À ce propos, le pape rappelle que « l’Église n’a pas directement pour mission de créer une société plus juste, même s’il lui revient le droit et le devoir d’intervenir sur les questions éthiques et morales qui concernent le bien des personnes et des peuples. » Il redit ici le rôle premier des fidèles laïcs « qui ont la tâche d’intervenir directement dans l’action sociale et politique » (VD100).
Notons une phrase qu’aurait aimé entendre le père Joseph Wresinski (à moins qu’il ne l’ait inspirée !) : « les pauvres eux-mêmes sont aussi des agents d’Évangélisation » (VD107). « L’Église ne peut décevoir les pauvres : ‘Les Pasteurs sont appelés à les écouter, à apprendre d’eux, à les guider dans leur foi et à les motiver pour qu’ils soient des artisans de leur propre histoire’ » (VD107).

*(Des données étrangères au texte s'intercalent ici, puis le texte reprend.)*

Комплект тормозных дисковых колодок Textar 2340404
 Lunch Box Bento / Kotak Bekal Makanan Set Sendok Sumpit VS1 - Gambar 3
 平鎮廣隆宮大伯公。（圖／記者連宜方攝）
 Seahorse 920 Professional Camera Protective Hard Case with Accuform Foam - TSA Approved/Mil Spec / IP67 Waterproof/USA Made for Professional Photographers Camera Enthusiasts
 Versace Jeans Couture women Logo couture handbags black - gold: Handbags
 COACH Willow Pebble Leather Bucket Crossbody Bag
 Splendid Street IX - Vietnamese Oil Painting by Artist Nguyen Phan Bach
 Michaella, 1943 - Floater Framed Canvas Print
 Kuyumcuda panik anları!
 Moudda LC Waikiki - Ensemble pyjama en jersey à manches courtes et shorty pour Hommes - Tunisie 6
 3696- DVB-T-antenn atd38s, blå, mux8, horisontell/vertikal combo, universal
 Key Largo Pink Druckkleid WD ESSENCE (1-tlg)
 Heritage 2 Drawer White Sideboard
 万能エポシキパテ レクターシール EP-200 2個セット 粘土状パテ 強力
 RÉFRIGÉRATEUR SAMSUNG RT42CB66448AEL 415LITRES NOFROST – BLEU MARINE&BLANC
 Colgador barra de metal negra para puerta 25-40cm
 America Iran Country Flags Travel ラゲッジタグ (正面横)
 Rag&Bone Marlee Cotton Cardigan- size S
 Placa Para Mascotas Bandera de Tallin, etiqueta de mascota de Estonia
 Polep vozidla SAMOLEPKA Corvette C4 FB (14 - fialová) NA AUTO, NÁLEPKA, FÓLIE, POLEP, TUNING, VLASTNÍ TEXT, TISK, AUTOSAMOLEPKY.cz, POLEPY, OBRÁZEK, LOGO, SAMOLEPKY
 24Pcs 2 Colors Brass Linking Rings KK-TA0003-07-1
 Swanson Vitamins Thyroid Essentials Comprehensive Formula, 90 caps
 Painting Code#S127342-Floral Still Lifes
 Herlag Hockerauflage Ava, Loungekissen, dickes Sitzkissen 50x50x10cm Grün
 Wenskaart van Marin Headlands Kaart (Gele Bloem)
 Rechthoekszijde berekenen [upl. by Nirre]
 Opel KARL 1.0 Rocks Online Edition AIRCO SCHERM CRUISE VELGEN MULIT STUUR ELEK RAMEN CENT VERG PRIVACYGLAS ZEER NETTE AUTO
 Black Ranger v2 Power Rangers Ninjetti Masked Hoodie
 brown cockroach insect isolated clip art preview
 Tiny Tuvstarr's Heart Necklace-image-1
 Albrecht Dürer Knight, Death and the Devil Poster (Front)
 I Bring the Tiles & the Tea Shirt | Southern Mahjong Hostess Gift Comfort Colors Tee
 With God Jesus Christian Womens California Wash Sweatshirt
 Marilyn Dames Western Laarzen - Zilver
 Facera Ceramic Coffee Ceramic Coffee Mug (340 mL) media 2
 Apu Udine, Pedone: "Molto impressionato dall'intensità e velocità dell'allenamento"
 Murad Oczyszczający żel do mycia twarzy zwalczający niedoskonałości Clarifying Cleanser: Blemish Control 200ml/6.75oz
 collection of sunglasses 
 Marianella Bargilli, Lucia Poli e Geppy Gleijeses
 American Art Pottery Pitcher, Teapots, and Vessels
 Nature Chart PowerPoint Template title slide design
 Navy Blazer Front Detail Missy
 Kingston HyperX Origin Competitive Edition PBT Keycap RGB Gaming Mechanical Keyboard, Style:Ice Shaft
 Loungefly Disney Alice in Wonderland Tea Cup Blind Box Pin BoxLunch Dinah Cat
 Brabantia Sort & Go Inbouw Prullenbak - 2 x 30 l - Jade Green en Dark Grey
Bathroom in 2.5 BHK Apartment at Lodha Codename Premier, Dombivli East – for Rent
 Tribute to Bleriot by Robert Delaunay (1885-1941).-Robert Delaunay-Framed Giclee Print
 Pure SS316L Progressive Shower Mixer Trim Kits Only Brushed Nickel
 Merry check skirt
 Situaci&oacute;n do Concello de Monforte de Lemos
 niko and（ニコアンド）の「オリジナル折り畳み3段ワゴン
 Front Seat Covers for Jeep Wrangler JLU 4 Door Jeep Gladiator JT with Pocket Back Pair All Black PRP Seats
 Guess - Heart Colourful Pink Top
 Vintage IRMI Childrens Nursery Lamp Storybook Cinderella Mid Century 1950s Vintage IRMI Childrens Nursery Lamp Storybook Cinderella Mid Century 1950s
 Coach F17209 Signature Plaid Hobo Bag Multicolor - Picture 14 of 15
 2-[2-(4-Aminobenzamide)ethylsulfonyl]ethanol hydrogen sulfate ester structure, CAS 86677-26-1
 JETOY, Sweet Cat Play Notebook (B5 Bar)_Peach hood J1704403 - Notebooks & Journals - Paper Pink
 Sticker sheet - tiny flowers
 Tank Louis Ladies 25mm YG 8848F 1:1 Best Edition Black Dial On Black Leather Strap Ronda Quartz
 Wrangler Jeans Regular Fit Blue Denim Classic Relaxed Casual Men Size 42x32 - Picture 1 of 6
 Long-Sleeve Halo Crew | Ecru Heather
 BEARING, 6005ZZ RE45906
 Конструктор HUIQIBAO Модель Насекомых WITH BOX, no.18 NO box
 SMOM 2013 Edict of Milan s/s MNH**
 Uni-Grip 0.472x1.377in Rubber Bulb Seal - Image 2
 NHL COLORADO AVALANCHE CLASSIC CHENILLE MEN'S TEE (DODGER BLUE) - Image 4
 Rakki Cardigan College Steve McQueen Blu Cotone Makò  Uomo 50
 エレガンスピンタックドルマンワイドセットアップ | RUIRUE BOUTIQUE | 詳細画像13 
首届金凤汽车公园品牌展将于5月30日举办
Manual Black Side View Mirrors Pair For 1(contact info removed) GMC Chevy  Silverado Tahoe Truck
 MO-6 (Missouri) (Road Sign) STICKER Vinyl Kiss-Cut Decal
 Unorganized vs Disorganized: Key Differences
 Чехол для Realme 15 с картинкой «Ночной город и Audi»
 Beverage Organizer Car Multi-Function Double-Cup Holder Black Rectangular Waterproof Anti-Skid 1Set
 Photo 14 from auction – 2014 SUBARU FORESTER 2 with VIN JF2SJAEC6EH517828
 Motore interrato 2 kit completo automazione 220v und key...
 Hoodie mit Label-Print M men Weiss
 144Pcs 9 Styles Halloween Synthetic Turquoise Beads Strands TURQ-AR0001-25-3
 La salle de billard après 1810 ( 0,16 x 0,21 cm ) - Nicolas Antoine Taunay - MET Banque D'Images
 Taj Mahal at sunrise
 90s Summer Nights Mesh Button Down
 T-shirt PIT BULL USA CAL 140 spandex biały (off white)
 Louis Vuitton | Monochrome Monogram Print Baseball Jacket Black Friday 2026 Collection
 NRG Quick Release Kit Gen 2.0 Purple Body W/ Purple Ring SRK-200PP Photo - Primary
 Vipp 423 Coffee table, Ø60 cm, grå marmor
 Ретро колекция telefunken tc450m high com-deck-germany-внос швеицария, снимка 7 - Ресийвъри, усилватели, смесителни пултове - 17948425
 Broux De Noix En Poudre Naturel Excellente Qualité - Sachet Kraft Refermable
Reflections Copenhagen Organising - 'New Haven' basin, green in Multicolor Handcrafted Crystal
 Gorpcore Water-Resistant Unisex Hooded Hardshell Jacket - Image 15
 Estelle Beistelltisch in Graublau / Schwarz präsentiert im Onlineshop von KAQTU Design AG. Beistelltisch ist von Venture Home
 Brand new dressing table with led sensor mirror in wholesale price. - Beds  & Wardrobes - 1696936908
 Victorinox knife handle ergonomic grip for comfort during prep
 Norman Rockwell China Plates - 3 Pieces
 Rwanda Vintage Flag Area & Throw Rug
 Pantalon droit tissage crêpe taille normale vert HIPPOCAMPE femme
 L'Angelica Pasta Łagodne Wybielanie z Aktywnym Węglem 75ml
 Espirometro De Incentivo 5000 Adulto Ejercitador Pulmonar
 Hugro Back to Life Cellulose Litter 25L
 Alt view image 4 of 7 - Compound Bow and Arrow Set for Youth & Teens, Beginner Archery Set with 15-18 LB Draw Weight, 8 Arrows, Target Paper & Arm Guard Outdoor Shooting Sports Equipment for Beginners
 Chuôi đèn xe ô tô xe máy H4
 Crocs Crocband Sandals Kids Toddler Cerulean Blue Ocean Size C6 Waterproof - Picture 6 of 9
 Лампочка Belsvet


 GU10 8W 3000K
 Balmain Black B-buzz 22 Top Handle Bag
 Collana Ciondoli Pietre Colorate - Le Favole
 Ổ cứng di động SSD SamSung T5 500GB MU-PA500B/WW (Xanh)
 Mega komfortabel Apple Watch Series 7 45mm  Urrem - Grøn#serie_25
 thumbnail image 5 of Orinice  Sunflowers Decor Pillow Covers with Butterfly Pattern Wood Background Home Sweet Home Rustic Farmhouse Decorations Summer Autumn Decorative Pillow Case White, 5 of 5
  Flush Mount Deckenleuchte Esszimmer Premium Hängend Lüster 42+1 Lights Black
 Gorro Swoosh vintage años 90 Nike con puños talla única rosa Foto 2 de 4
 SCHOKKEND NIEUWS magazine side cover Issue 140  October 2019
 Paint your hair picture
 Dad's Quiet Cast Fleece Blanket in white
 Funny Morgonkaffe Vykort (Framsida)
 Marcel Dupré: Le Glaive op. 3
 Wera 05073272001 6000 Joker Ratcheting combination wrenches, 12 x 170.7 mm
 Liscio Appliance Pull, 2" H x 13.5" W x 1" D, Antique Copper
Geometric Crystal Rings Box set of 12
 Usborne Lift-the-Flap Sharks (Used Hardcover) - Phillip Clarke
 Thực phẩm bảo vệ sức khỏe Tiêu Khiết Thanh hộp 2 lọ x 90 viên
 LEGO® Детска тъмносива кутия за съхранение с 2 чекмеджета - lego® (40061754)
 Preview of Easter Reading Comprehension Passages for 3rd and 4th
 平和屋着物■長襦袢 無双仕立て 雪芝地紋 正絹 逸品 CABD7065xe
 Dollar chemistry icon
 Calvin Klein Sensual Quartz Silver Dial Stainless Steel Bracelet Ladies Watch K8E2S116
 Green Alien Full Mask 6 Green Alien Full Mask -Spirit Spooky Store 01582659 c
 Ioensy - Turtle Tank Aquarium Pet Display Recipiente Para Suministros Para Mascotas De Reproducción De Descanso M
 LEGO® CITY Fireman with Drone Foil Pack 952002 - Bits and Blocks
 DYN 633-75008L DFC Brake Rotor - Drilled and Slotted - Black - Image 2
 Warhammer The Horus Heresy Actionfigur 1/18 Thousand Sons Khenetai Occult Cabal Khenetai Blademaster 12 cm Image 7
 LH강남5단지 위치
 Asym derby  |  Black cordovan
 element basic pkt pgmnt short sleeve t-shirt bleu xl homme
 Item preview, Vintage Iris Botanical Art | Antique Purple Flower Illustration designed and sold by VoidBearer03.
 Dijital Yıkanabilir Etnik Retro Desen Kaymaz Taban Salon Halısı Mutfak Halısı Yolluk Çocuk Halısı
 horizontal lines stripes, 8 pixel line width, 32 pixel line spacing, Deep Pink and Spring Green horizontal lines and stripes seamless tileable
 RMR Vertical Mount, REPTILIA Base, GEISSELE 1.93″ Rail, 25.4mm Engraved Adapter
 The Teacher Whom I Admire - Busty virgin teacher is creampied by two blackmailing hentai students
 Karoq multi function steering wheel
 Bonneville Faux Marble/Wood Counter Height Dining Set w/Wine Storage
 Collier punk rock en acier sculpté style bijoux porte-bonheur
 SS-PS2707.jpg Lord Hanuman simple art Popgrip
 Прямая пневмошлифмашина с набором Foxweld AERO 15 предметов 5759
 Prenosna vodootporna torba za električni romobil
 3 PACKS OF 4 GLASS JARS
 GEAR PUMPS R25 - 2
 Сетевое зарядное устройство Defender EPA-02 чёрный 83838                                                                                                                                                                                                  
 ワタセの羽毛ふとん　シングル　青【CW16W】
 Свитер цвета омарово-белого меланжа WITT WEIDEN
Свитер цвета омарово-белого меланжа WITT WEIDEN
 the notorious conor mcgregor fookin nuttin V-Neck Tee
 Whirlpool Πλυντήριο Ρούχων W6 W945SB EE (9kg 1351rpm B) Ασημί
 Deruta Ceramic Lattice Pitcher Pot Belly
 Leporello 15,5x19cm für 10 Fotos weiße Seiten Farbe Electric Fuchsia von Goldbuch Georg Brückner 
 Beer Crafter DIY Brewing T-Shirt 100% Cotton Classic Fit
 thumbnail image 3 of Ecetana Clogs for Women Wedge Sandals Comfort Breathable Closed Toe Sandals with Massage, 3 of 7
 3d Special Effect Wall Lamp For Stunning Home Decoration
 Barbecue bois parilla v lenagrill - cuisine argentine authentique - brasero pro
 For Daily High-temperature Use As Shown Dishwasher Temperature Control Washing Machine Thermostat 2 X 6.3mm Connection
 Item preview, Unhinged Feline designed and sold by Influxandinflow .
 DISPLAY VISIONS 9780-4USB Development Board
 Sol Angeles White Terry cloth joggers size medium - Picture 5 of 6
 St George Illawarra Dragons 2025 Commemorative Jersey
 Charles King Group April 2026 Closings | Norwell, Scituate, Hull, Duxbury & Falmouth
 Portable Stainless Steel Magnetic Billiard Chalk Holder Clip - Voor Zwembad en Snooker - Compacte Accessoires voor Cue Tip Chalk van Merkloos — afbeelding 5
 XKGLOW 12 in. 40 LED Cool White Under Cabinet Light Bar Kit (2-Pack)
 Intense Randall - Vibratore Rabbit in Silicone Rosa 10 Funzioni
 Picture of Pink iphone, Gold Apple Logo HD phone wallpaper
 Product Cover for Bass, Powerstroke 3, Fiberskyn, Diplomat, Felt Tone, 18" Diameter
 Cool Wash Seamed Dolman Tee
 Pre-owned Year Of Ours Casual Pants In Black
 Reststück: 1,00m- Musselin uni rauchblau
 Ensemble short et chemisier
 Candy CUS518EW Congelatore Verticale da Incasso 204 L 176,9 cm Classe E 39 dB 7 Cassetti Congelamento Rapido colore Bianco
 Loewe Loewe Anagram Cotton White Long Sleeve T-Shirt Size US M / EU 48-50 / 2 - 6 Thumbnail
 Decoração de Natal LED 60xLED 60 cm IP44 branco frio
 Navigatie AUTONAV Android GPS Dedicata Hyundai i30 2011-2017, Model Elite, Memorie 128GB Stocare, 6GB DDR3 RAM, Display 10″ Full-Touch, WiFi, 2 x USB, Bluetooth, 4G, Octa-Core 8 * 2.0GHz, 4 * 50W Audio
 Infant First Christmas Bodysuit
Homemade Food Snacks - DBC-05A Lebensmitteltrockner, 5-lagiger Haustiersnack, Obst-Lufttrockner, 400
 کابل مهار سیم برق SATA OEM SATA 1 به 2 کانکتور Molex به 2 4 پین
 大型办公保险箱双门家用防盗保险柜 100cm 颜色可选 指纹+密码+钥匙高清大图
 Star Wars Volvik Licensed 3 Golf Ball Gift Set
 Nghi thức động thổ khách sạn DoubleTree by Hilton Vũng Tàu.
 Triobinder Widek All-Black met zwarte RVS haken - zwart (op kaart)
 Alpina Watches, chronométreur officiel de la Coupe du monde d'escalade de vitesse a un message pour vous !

Enfin, le pape reconnaît le rôle croissant d’internet « qui constitue un nouveau forum sur lequel il faut faire résonner l’Évangile, avec la conscience, toutefois, que le monde virtuel ne pourra jamais remplacer le monde réel » (VD113).
Conclusion
Il termine ce long traité par des réflexions sur la Vierge Marie et cite les deux paroles de l’évangile selon saint Luc qui la concernent : « Ma mère et mes frères, ce sont ceux qui entendent la Parole de Dieu, et qui la mettent en pratique » (Lc 8,21). « Heureux plutôt ceux qui entendent la parole de Dieu, et qui la gardent ! » (Lc 11,28). « S’il n’y a qu’une seule Mère du Christ selon la chair, en revanche, selon la foi, le Christ est le fruit de tous » (VD28) avait déjà noté plus haut Benoît XVI. Puissions-nous dire chaque jour et pas seulement dans nos célébrations : « Parole du Seigneur … nous rendons grâce à Dieu ».